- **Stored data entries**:

┌────────

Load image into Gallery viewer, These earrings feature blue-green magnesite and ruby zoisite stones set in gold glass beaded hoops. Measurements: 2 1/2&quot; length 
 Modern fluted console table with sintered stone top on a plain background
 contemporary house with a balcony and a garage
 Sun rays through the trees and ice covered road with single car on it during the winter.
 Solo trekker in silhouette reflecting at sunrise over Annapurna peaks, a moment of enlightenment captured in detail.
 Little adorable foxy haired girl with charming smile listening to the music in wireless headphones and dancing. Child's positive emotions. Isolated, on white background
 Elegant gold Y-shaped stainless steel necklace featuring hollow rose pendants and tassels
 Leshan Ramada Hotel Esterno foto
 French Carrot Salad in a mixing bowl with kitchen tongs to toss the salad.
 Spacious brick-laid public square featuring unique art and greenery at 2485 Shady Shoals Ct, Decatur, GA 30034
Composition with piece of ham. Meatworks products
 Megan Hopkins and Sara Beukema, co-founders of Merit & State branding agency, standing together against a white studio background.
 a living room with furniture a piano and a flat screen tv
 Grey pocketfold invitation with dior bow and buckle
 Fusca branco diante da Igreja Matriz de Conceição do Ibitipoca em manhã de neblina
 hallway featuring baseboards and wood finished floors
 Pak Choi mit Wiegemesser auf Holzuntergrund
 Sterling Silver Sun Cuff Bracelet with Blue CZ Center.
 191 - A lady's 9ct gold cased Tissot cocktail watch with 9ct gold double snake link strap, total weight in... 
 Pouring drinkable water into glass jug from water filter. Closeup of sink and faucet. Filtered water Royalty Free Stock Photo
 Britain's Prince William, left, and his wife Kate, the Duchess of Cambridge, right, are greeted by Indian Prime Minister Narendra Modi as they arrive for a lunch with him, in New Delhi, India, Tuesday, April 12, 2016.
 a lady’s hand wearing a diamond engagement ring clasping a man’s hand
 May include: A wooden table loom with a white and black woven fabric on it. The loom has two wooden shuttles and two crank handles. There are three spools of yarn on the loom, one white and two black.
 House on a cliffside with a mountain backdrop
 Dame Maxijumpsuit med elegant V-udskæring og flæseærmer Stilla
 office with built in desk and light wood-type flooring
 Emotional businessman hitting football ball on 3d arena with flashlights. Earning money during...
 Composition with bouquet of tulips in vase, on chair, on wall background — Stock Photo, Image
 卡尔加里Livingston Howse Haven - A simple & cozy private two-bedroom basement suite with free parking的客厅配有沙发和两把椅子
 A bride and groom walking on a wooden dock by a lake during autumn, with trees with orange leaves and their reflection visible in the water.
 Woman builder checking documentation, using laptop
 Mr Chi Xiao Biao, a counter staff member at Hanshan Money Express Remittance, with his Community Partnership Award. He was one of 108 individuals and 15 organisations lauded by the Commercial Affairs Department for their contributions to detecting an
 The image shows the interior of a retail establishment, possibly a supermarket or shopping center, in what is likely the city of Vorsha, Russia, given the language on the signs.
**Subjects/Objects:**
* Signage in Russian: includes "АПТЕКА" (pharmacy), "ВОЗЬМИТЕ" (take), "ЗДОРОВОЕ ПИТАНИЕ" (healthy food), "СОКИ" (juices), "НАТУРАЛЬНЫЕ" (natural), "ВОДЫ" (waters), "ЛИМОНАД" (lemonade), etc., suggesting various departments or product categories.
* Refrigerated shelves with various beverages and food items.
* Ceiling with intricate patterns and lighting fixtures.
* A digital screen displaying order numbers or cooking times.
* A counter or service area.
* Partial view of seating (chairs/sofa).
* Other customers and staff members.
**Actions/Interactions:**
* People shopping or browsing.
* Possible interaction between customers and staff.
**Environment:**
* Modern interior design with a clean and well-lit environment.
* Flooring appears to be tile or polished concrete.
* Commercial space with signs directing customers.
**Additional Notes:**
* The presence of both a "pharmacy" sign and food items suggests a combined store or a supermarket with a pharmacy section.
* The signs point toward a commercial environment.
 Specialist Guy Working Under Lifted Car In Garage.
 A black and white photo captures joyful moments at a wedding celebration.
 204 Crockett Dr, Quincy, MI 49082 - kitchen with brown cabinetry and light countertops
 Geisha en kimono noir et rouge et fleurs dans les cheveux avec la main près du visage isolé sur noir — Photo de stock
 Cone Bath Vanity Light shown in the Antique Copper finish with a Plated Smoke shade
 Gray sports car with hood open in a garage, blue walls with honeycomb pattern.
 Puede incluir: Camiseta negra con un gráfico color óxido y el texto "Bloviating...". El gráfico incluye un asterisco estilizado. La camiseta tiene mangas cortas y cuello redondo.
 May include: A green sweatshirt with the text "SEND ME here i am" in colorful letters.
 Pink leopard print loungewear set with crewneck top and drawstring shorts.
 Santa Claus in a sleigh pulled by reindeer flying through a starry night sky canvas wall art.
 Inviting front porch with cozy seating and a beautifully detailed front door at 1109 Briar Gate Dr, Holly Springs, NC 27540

└────────

- **Task directions**: Copy each entry exactly, leaving every line as it is.

- **Problem solution**:
Load image into Gallery viewer, These earrings feature blue-green magnesite and ruby zoisite stones set in gold glass beaded hoops. Measurements: 2 1/2&quot; length 
 Modern fluted console table with sintered stone top on a plain background
 contemporary house with a balcony and a garage
 Sun rays through the trees and ice covered road with single car on it during the winter.
 Solo trekker in silhouette reflecting at sunrise over Annapurna peaks, a moment of enlightenment captured in detail.
 Little adorable foxy haired girl with charming smile listening to the music in wireless headphones and dancing. Child's positive emotions. Isolated, on white background
 Elegant gold Y-shaped stainless steel necklace featuring hollow rose pendants and tassels
 Leshan Ramada Hotel Esterno foto
 French Carrot Salad in a mixing bowl with kitchen tongs to toss the salad.
 Spacious brick-laid public square featuring unique art and greenery at 2485 Shady Shoals Ct, Decatur, GA 30034
Composition with piece of ham. Meatworks products
 Megan Hopkins and Sara Beukema, co-founders of Merit & State branding agency, standing together against a white studio background.
 a living room with furniture a piano and a flat screen tv
 Grey pocketfold invitation with dior bow and buckle
 Fusca branco diante da Igreja Matriz de Conceição do Ibitipoca em manhã de neblina
 hallway featuring baseboards and wood finished floors
 Pak Choi mit Wiegemesser auf Holzuntergrund
 Sterling Silver Sun Cuff Bracelet with Blue CZ Center.
 191 - A lady's 9ct gold cased Tissot cocktail watch with 9ct gold double snake link strap, total weight in... 
 Pouring drinkable water into glass jug from water filter. Closeup of sink and faucet. Filtered water Royalty Free Stock Photo
 Britain's Prince William, left, and his wife Kate, the Duchess of Cambridge, right, are greeted by Indian Prime Minister Narendra Modi as they arrive for a lunch with him, in New Delhi, India, Tuesday, April 12, 2016.
 a lady’s hand wearing a diamond engagement ring clasping a man’s hand
 May include: A wooden table loom with a white and black woven fabric on it. The loom has two wooden shuttles and two crank handles. There are three spools of yarn on the loom, one white and two black.
 House on a cliffside with a mountain backdrop
 Dame Maxijumpsuit med elegant V-udskæring og flæseærmer Stilla
 office with built in desk and light wood-type flooring
 Emotional businessman hitting football ball on 3d arena with flashlights. Earning money during...
 Composition with bouquet of tulips in vase, on chair, on wall background — Stock Photo, Image
 卡尔加里Livingston Howse Haven - A simple & cozy private two-bedroom basement suite with free parking的客厅配有沙发和两把椅子
 A bride and groom walking on a wooden dock by a lake during autumn, with trees with orange leaves and their reflection visible in the water.
 Woman builder checking documentation, using laptop
 Mr Chi Xiao Biao, a counter staff member at Hanshan Money Express Remittance, with his Community Partnership Award. He was one of 108 individuals and 15 organisations lauded by the Commercial Affairs Department for their contributions to detecting an
 The image shows the interior of a retail establishment, possibly a supermarket or shopping center, in what is likely the city of Vorsha, Russia, given the language on the signs.
**Subjects/Objects:**
* Signage in Russian: includes "АПТЕКА" (pharmacy), "ВОЗЬМИТЕ" (take), "ЗДОРОВОЕ ПИТАНИЕ" (healthy food), "СОКИ" (juices), "НАТУРАЛЬНЫЕ" (natural), "ВОДЫ" (waters), "ЛИМОНАД" (lemonade), etc., suggesting various departments or product categories.
* Refrigerated shelves with various beverages and food items.
* Ceiling with intricate patterns and lighting fixtures.
* A digital screen displaying order numbers or cooking times.
* A counter or service area.
* Partial view of seating (chairs/sofa).
* Other customers and staff members.
**Actions/Interactions:**
* People shopping or browsing.
* Possible interaction between customers and staff.
**Environment:**
* Modern interior design with a clean and well-lit environment.
* Flooring appears to be tile or polished concrete.
* Commercial space with signs directing customers.
**Additional Notes:**
* The presence of both a "pharmacy" sign and food items suggests a combined store or a supermarket with a pharmacy section.
* The signs point toward a commercial environment.
 Specialist Guy Working Under Lifted Car In Garage.
 A black and white photo captures joyful moments at a wedding celebration.
 204 Crockett Dr, Quincy, MI 49082 - kitchen with brown cabinetry and light countertops
 Geisha en kimono noir et rouge et fleurs dans les cheveux avec la main près du visage isolé sur noir — Photo de stock
 Cone Bath Vanity Light shown in the Antique Copper finish with a Plated Smoke shade
 Gray sports car with hood open in a garage, blue walls with honeycomb pattern.
 Puede incluir: Camiseta negra con un gráfico color óxido y el texto "Bloviating...". El gráfico incluye un asterisco estilizado. La camiseta tiene mangas cortas y cuello redondo.
 May include: A green sweatshirt with the text "SEND ME here i am" in colorful letters.
 Pink leopard print loungewear set with crewneck top and drawstring shorts.
 Santa Claus in a sleigh pulled by reindeer flying through a starry night sky canvas wall art.
 Inviting front porch with cozy seating and a beautifully detailed front door at 1109 Briar Gate Dr, Holly Springs, NC 27540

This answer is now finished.